From: Steve Greenfield <alienrelics@...>
Date: 2002-04-10

--- n4onl <umrk@...> wrote:

> Hi John, All questions comments, ect. welcome.
-
> Resolution and repeatibility (accuracy): Good points, and no I
> don't
> expect extreme accuracy and repeatability out of this setup,
> especially using Acme rod, but i think it will be rather
> accurate.
> What Accuracy (resolution and repeatibility) is Really Needed?

Good point. Anyone have the answer? Repeatability I would imagine
will be mostly affected by backlash and stiffness. Resolution by
the thread pitch and whether you use pulleys to "gear down" the
steppers, and if you use full step or half. Using pulleys to gear
the steppers down has the advantages of both higher resolution and
more resultant power, at the cost of speed. For me, I can take the
cost in speed. Accuracy is not just repeatability or linearity. It
is also important that if the calculations say X steps move the
head 4 inches, that it not be 3.9 inches.

> Going by lathes, mills... stiffness of the frame lends to
> accuracy,
> this is why i'm using 8020 and aluminum plate ($0.35/lb scrap
> price).
> It will be rather hefty. Also backlash is a factor so I'm going
> to
> use antibacklash nuts that I will make out of Delrin (for reduced
> friction and wear of the Acme rod lead screws).

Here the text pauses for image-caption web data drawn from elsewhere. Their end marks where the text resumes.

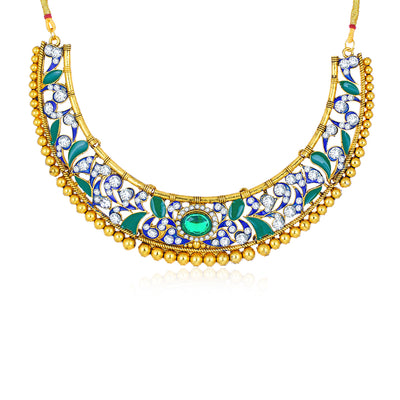 Sukkhi Pretty Gold Plated Necklace Set for Women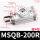 旋转气缸MSQB-200R 缓冲型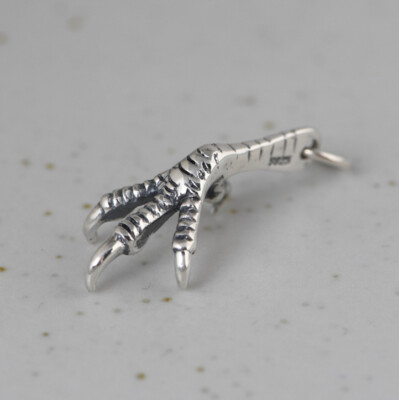 I05 Pendentif Aigle Griffe Sterling Argent 925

Boeing Surplus... Yeah! I live about 30 minutes from Boeing
Surplus. What they don't have, there are metal sheet suppliers all
around them.

> My Guides: For X and Y axis (right and left), Thompson TWN 10
> (5/8")
> Super Pillow Block Bearings and Precision Ground Rod. their used
> but
> are in Excellent mechanical condition, smooth and tight.

http://www.smallpartsinc.com for new stuff. I had a project
cancelled to build an ultrasmooth sliding door, I did a lot of
research for bearings like this. I should dig out the catalogs
again and post the links.

> For Z axis (router verticle), used Robohand Inc. model PS-4-4-SH
> (similar to these http://www.robohand.com/dlbb10.htm) with 12mm
> shafts and 4" travel. Very smooth and tight. I also have some
> 3/4"
> supported linear rods and bearings but I think they would be
> overkill. :)

Hey, if you have them already and don't have another project for
them, why not?

> The part that I have the least knowledge about are the stepper
> motors
> themselves, so I'm going a bit larger than the ones I've seen on
> commercial equipment I've found on the web. I have 2 new (old
> stock)
> Vexta 83 oz/in, 1 used 100 oz/in and 1 used 120 oz/in, all 200
> full
> steps per rev and NEMA23 frame. This one ( http://www.t-
> tech.com/products/quickcircuit/ ) appears to be using 60 oz/in
> motors, .00025" resolition and .00025" (one halfstep ?)
> repeatibility. Check out the PCBs it makes. :)

What makes you think they are using 60 oz-in, besides the size of
the steppers?

Here's that link fixed:
http://www.t-tech.com/products/quickcircuit/

BTW, here's my secret source of good battlehardened 60 oz-in
steppers- Apple Imagewriter II! Two per printer. I checked them
with a constant current power supply and a balance, at 60 oz they
held, at 61 oz they'd slip one or two notches.

> Speed of the cut is also a big factor in accuracy, so I intend to
> keep my cutting inches/sec on the slow side, at least until I see
> how
> fast I can move and not affect accuracy to a great degree.
> What Accuracy is Really Needed?

From the CAD_CAM_etc list, I think it is important to match cutter
speed to movement speed. IE, while it is bad to move too quickly
and so take too big a bit on each pass of the cut, it is also bad
to move to slowly and take too small a cut. So it would follow that
you'd need to slow down cutter rotation if you slow down inches per
second.

Don Lancaster http://www.tinaja.com has a great idea for
lightweight milling heads- dental turbines. Tiny flexible air hose,
tiny dental turbine, and you have a cutter head that is extremely
lightweight. Very high speed but the cutting head is small so
cutting speed isn't quite as high as it might seem. Maybe something
that could even be retrofit to an HP flatbed plotter? Very cheap so
when they wear out you just toss the turbine and install another.
Perhaps use the exhaust air to make a vacuum system to suck the
particles up.

> BTW using a RTX for the spindle has been changed to using a small
> laminate trim router. I found one (and a spare) at Harbor Freight
> for
> half the cost of a RTX ($20 ea.). Thats cheap enough to replace
> as
> needed. :)

Makes sense. A friend of mine bought a very expensive sabre saw a
few years ago. Since it was so expensive, he felt obligated to
repair it when various parts wore out. In that time, he's spent
twice the cost of the saw on parts. He's cutting 3/8" aluminum with
it, so it is hard on it. In that time I wore out three $25 sabre
saws and spent a fraction of what he did.